§ **YOUR GOAL**
Exact copy, no pictures: every line from the one that contains "Used 2019 Audi" through the end of the data below, and nothing else.

§ **DATA FOR THE TASK**
>>>>>
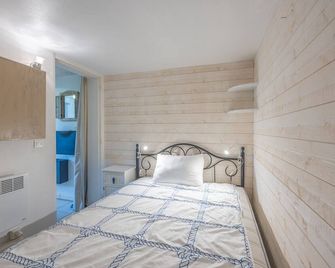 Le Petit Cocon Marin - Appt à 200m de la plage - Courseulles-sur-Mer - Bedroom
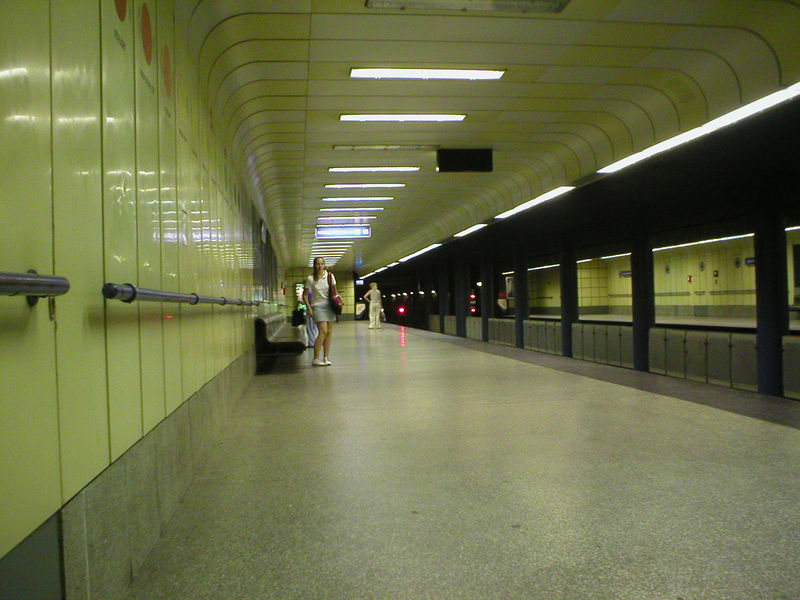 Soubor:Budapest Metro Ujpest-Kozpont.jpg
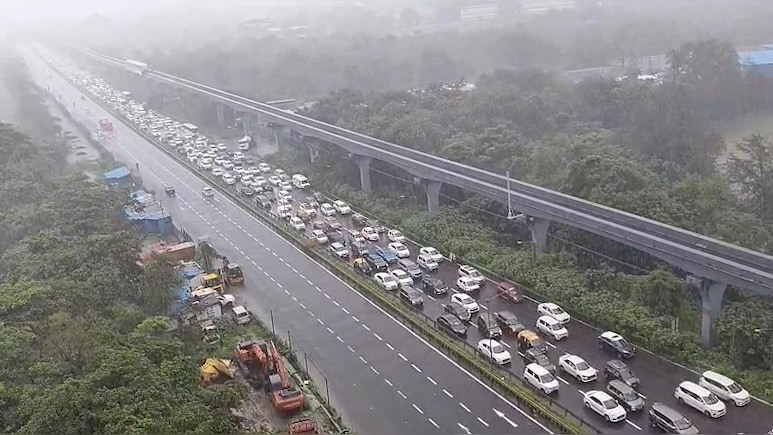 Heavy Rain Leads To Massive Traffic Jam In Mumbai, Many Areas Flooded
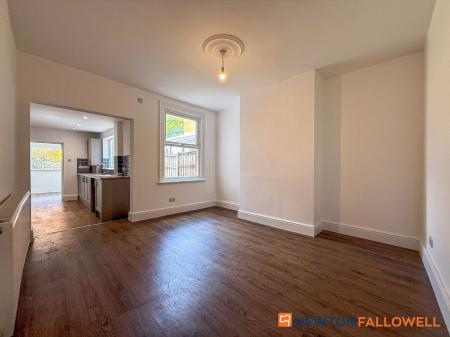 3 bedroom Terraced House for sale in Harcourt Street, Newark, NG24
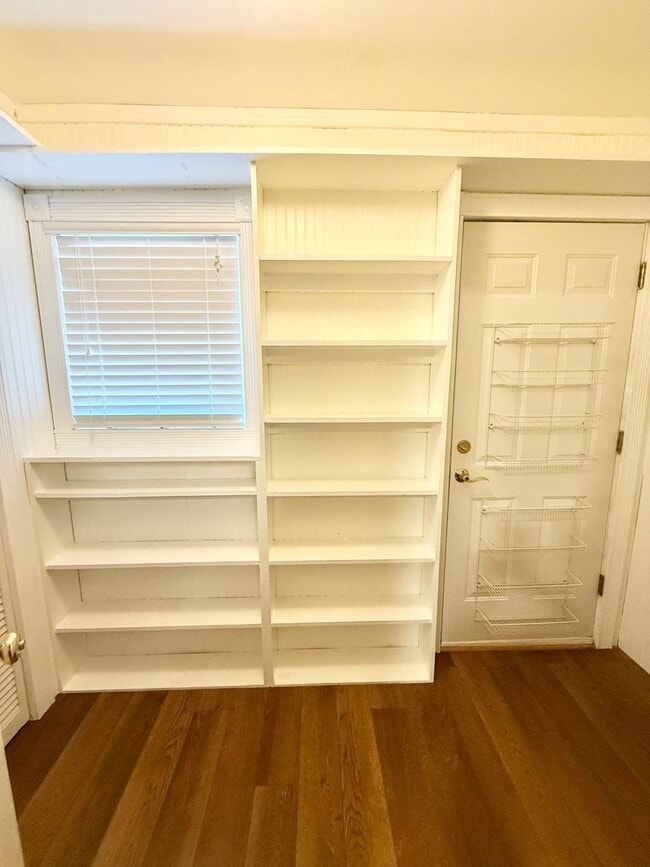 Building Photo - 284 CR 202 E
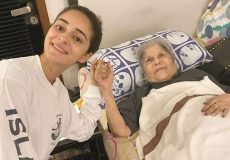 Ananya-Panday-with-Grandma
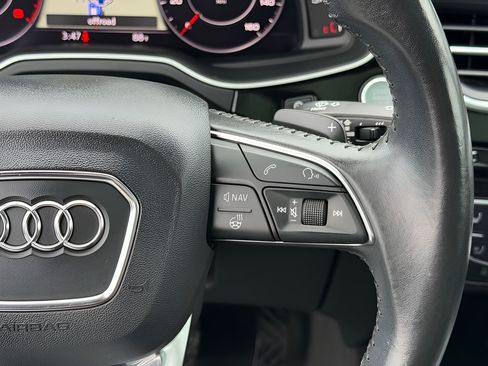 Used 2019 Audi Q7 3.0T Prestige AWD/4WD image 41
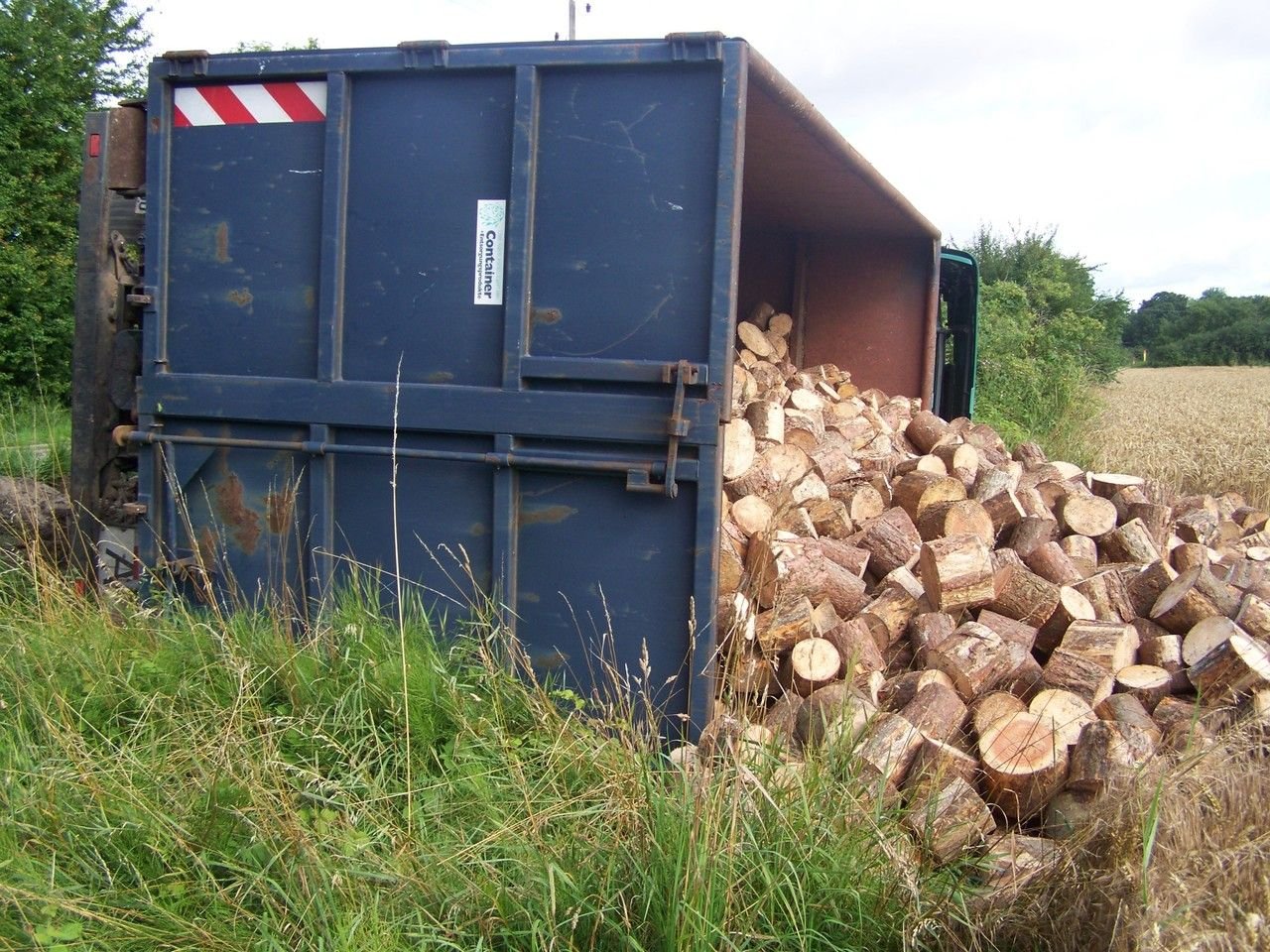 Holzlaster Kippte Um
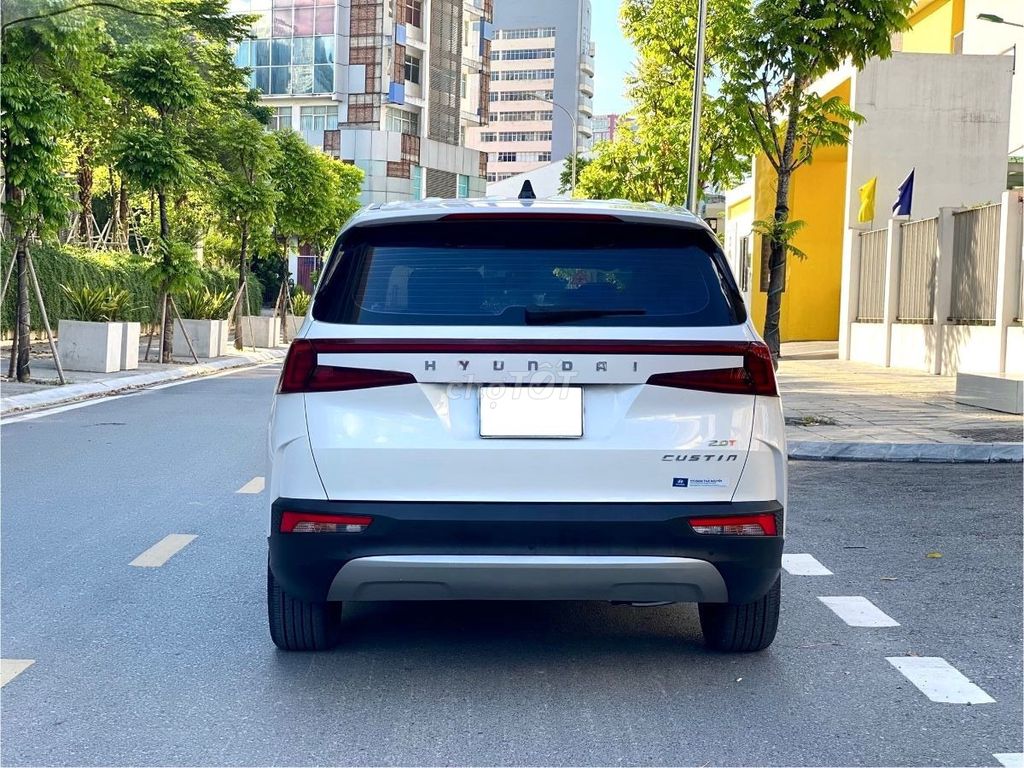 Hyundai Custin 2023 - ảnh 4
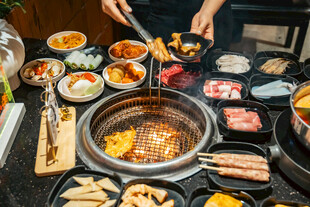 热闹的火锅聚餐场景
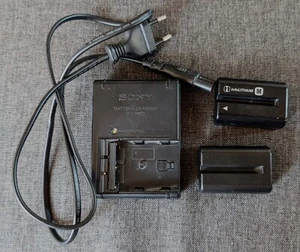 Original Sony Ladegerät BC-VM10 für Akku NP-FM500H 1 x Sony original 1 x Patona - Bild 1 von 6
<<<<<
§ **FINAL ANSWER**
 Used 2019 Audi Q7 3.0T Prestige AWD/4WD image 41
 Holzlaster Kippte Um
 Hyundai Custin 2023 - ảnh 4
 热闹的火锅聚餐场景
 Original Sony Ladegerät BC-VM10 für Akku NP-FM500H 1 x Sony original 1 x Patona - Bild 1 von 6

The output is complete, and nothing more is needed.